Caption-style text data

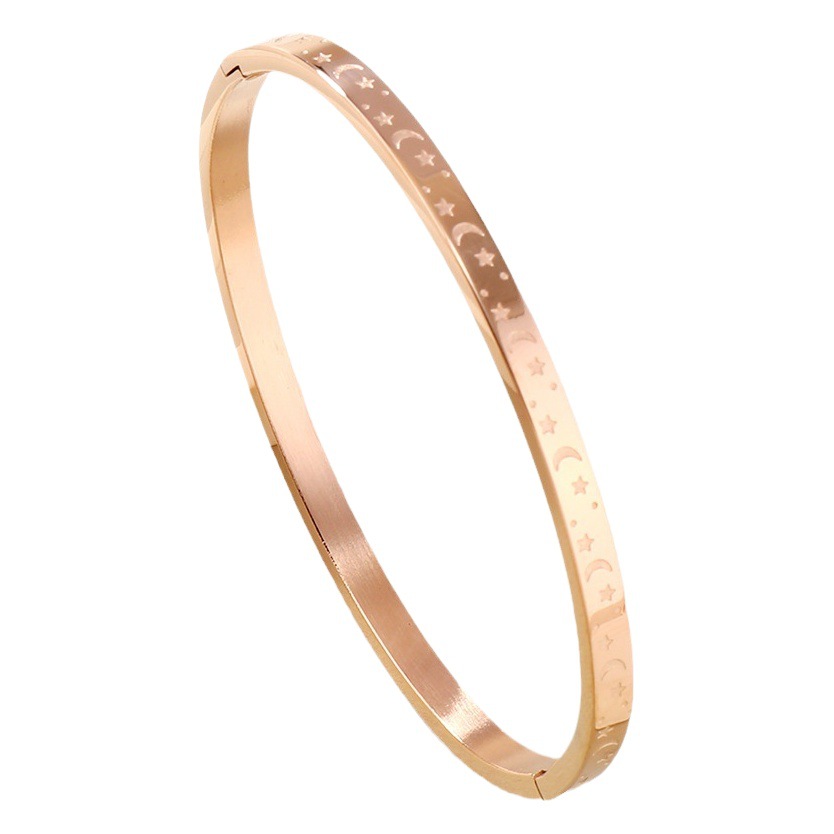 Joyería de acero inoxidable exquisita transfronteriza O-tipo hebilla pulsera mujer corrosión estrella Luna titanio acero pareja pulsera fábrica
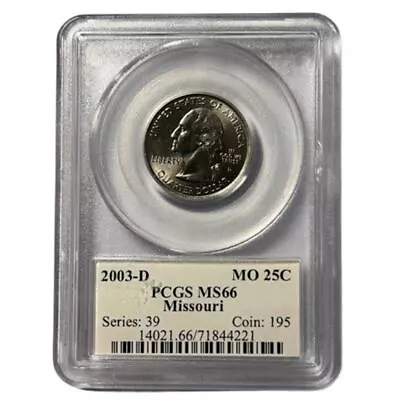 PCGS 2003 D MS66 Missouri State Quarter 25C 14021 - Image 1 of 2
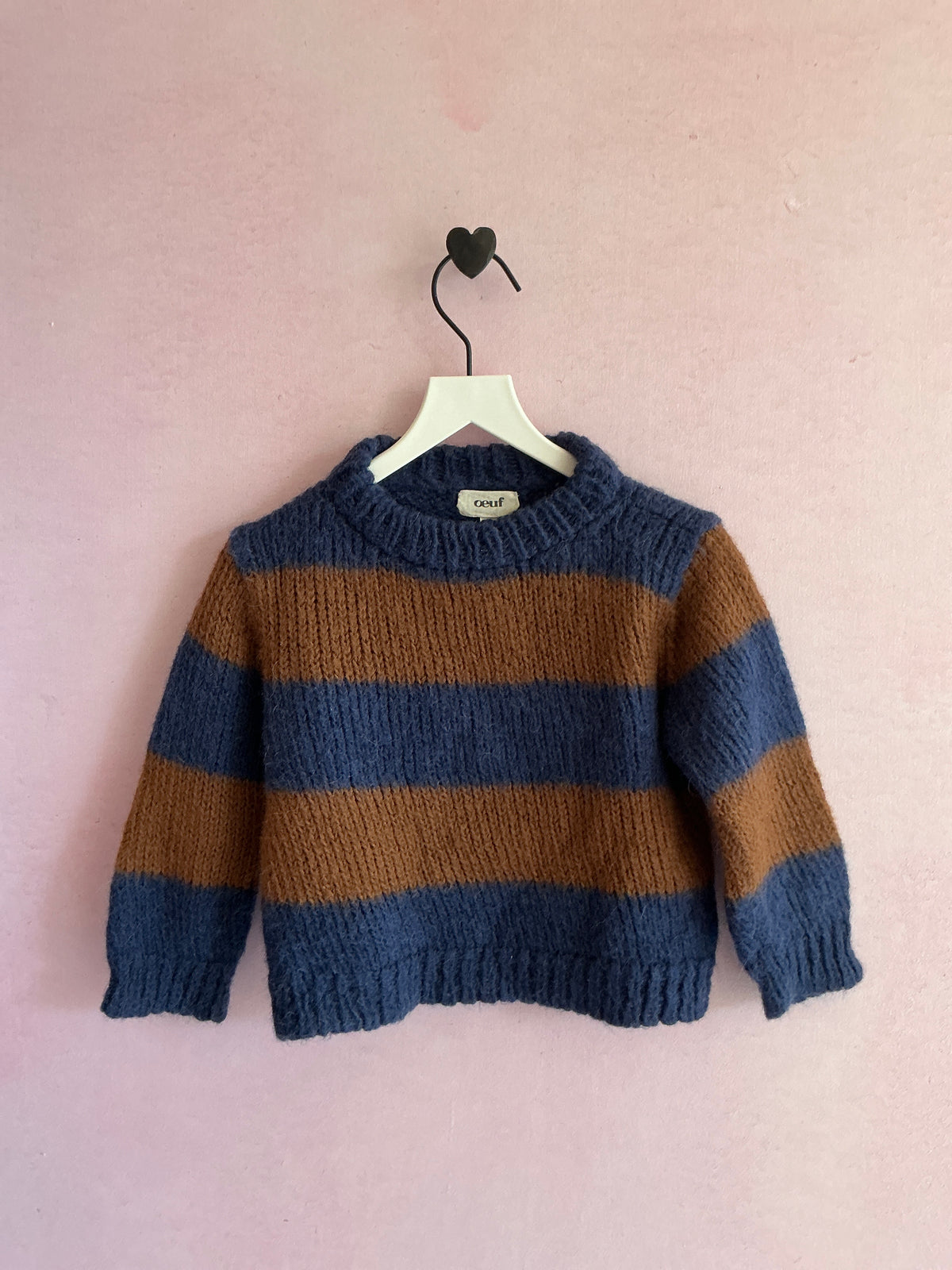 Oeuf Navy Umber Stripe 100% baby alpaca Sweater / 3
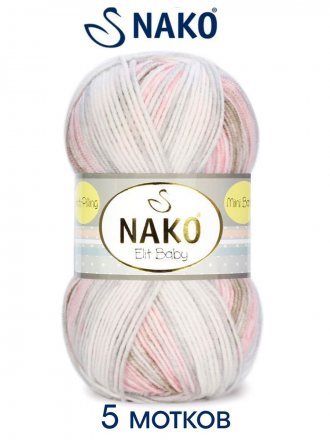 Пряжа Nako ELIT BABY MINI BATIK 32463 бел/роз/серый (5 мотков)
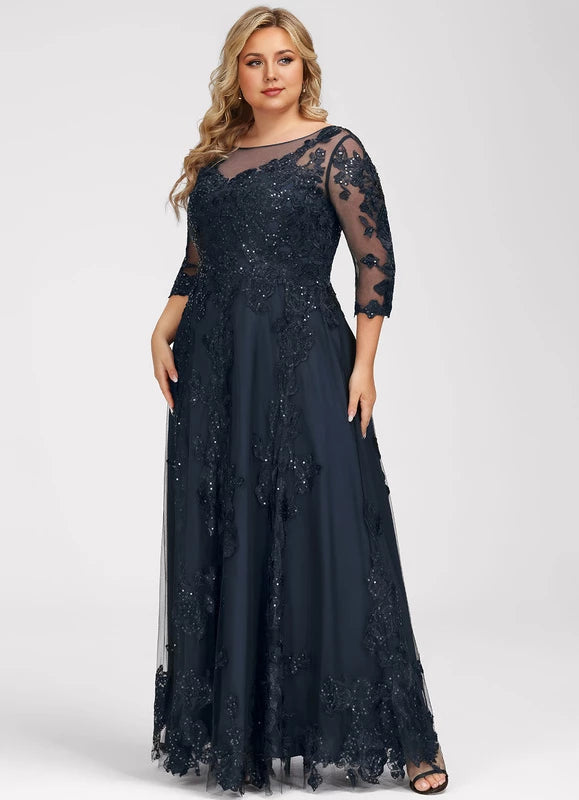 Elegant Plus Size Navy Blue Illusion Neck Lace Applique Sequin Floor-Length Mother Of The Bride Dress
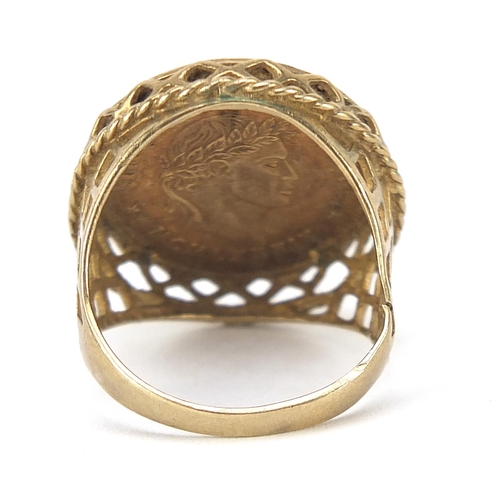 237 - 9ct gold Anthony & Cleopatra coin ring with pierced setting, size M, 5.5g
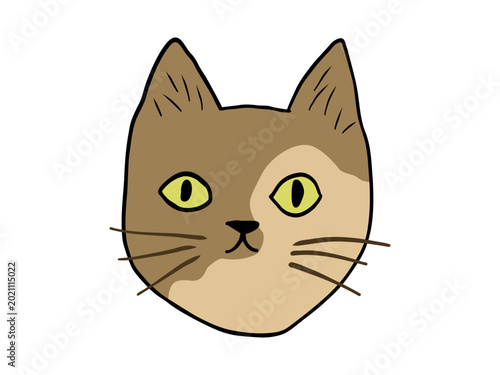Brown and Tan Calico Cat Face With Bright Green Eyes Simple Illustration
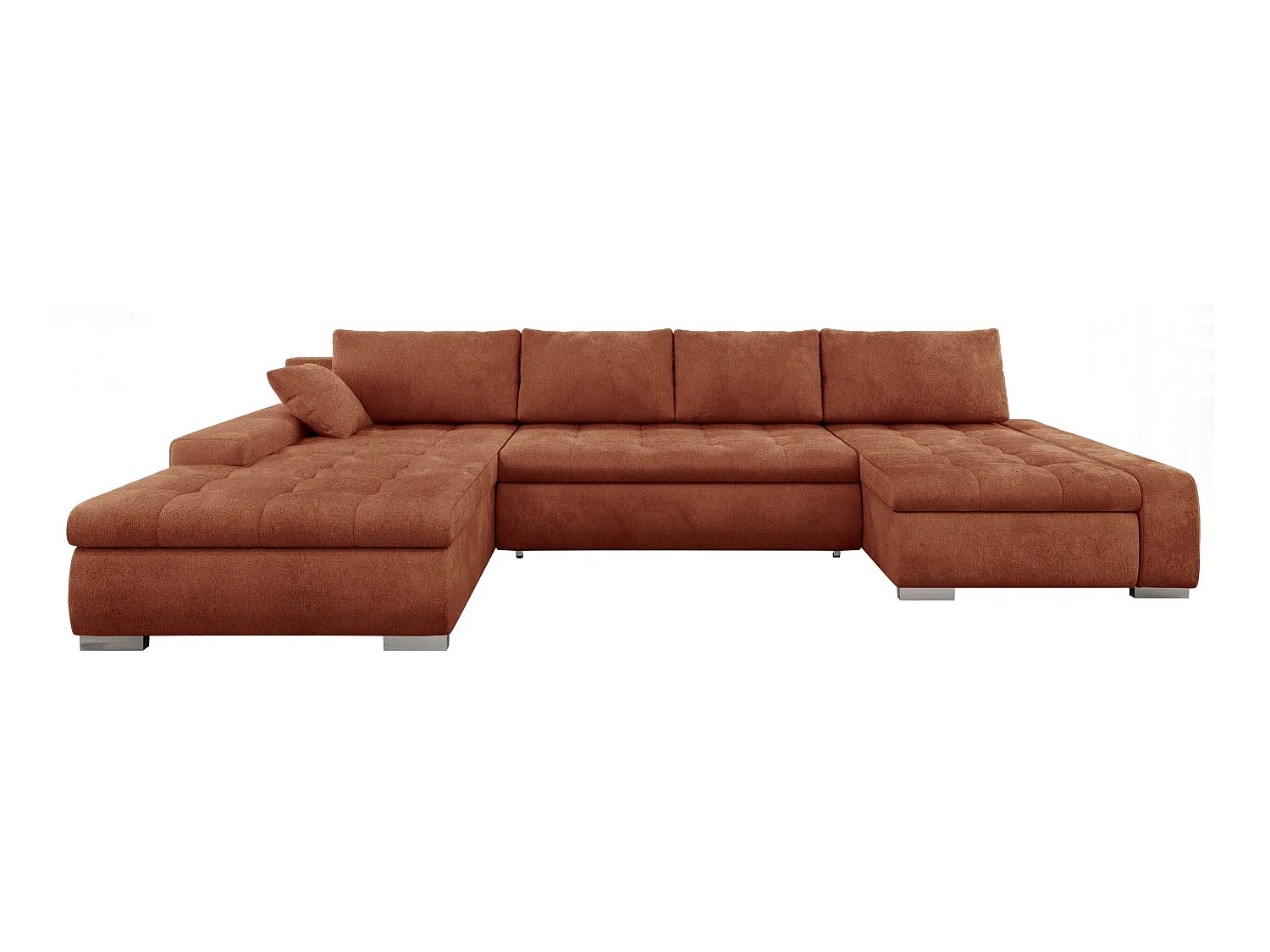 Canapé d'angle convertible 3 places en tissu rouge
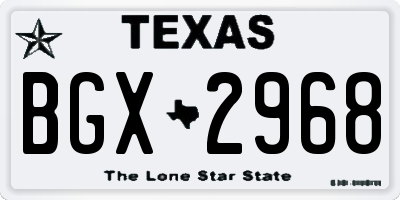 TX license plate BGX2968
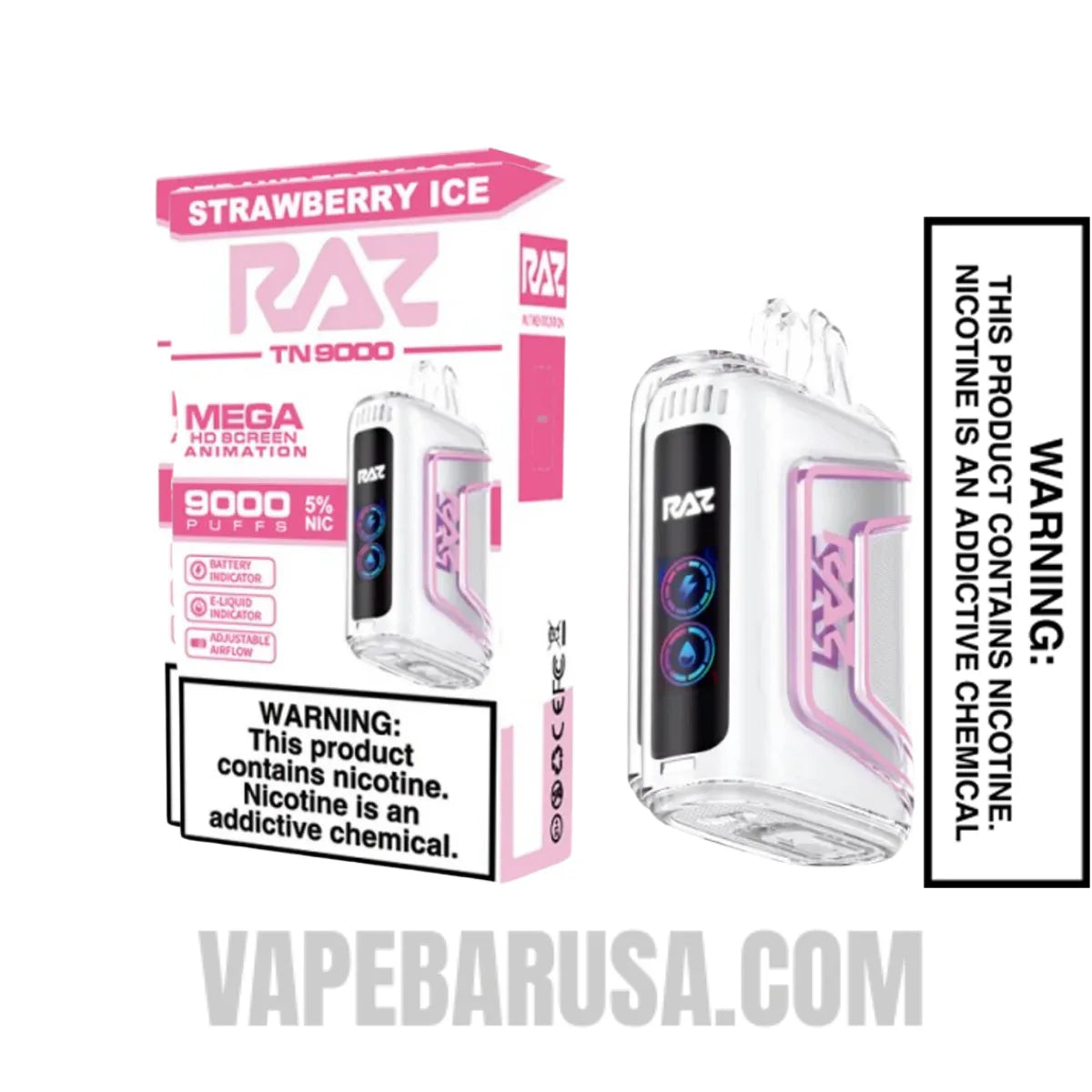 Strawberry Ice RAZ TN9000 Disposable Vape With Package Box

### Exercise
Could you return exactly the lines starting with the one that contains "Canapé d'angle convertible" and ending with the last line of the data above? Leave the pictures out.

### Answer space
 Canapé d'angle convertible 3 places en tissu rouge
 TX license plate BGX2968
 Strawberry Ice RAZ TN9000 Disposable Vape With Package Box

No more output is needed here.